# WORD EMBEDDINGS

We'll learn about the concept of Word Embeddings, and how we can use them to model the semantic meanings of words in a high-dimensional embedding space!

**Word Embeddings** are a type of vectorization strategy that computes word vectors from a text corpus by training a neural network, which results in a high-dimensional embedding space, where each word in the corpus is a unique vector in that space. In this embedding space, the position of the vector relative to the other vectors captures semantic meaning.

![image.png](attachment:image.png)

In the example above, the model has a window size of 5, meaning that the model considers a word, and the two words to the left and right of this word.

We shall proceed to generate word embeddings by training a Word2Vec model, and then embedding layers into deep neural networks for NLP!

We'll start by creating our own word embeddings by making use of the Word2Vec model. Then, move onto building neural networks that make use of **_Embedding Layers_** to accomplish the same end-goal, but directly in our model. 

In [1]:
#Importing libraries
import pandas as pd
import numpy as np
np.random.seed(0)
from gensim.models import Word2Vec
from nltk import word_tokenize

In the cell below, use the `read_json()` function from Pandas to read the dataset into a DataFrame. Be sure to include the parameter `lines=True` when reading in the dataset!

Once you've imported the data, inspect the first few rows of the DataFrame to see what your data looks like. 

In [3]:
df = pd.read_json('News_Category_Dataset_v2.json', lines=True)
df.head()

Unnamed: 0,category,headline,authors,link,short_description,date
0,CRIME,There Were 2 Mass Shootings In Texas Last Week...,Melissa Jeltsen,https://www.huffingtonpost.com/entry/texas-ama...,She left her husband. He killed their children...,2018-05-26
1,ENTERTAINMENT,Will Smith Joins Diplo And Nicky Jam For The 2...,Andy McDonald,https://www.huffingtonpost.com/entry/will-smit...,Of course it has a song.,2018-05-26
2,ENTERTAINMENT,Hugh Grant Marries For The First Time At Age 57,Ron Dicker,https://www.huffingtonpost.com/entry/hugh-gran...,The actor and his longtime girlfriend Anna Ebe...,2018-05-26
3,ENTERTAINMENT,Jim Carrey Blasts 'Castrato' Adam Schiff And D...,Ron Dicker,https://www.huffingtonpost.com/entry/jim-carre...,The actor gives Dems an ass-kicking for not fi...,2018-05-26
4,ENTERTAINMENT,Julianna Margulies Uses Donald Trump Poop Bags...,Ron Dicker,https://www.huffingtonpost.com/entry/julianna-...,"The ""Dietland"" actress said using the bags is ...",2018-05-26


### Preparing the Data

Since we are working with text data, we need to do some basic preprocessing including tokenization. Notice from the data sample that two different columns contain text data -- `headline` and `short_description`. The more text data your Word2Vec model has, the better it will perform. Therefore, we will want to combine the two columns before tokenizing each comment and training your Word2Vec model. 

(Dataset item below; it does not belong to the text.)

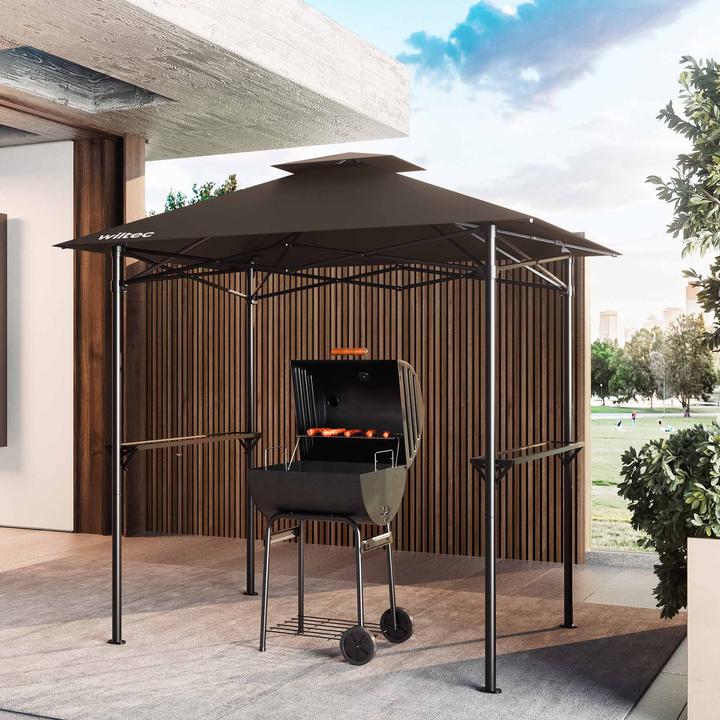 Actual product image Wiltec Barbecue pavilion coffee 245x152cm BBQ pavilion barbecue canopy barbecue tent (245 cm, 158 cm)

In the cell below we are going to:

* Create a column called `'combined_text'` that consists of the data from the `'headline'` column plus a space character (`' '`) plus the data from the `'short_description'` column 
* Use the `'combined_text'` column's `.map()` method and pass in `word_tokenize`. Store the result returned in `data` 

In [4]:
df['combined_text'] = df['headline'] + ' ' +  df['short_description']
data = df['combined_text'].map(word_tokenize)

Inspect the first 5 items in `data` to see how everything looks. 

In [5]:
data[:5]

0    [There, Were, 2, Mass, Shootings, In, Texas, L...
1    [Will, Smith, Joins, Diplo, And, Nicky, Jam, F...
2    [Hugh, Grant, Marries, For, The, First, Time, ...
3    [Jim, Carrey, Blasts, 'Castrato, ', Adam, Schi...
4    [Julianna, Margulies, Uses, Donald, Trump, Poo...
Name: combined_text, dtype: object

Notice that although the words are tokenized, they are still in the same order they were in as headlines. This is important, because the words need to be in their original order for Word2Vec to establish the meaning of them. Remember that for a Word2Vec model you can specify a  **_Window Size_** that tells the model how many words to take into consideration at one time. 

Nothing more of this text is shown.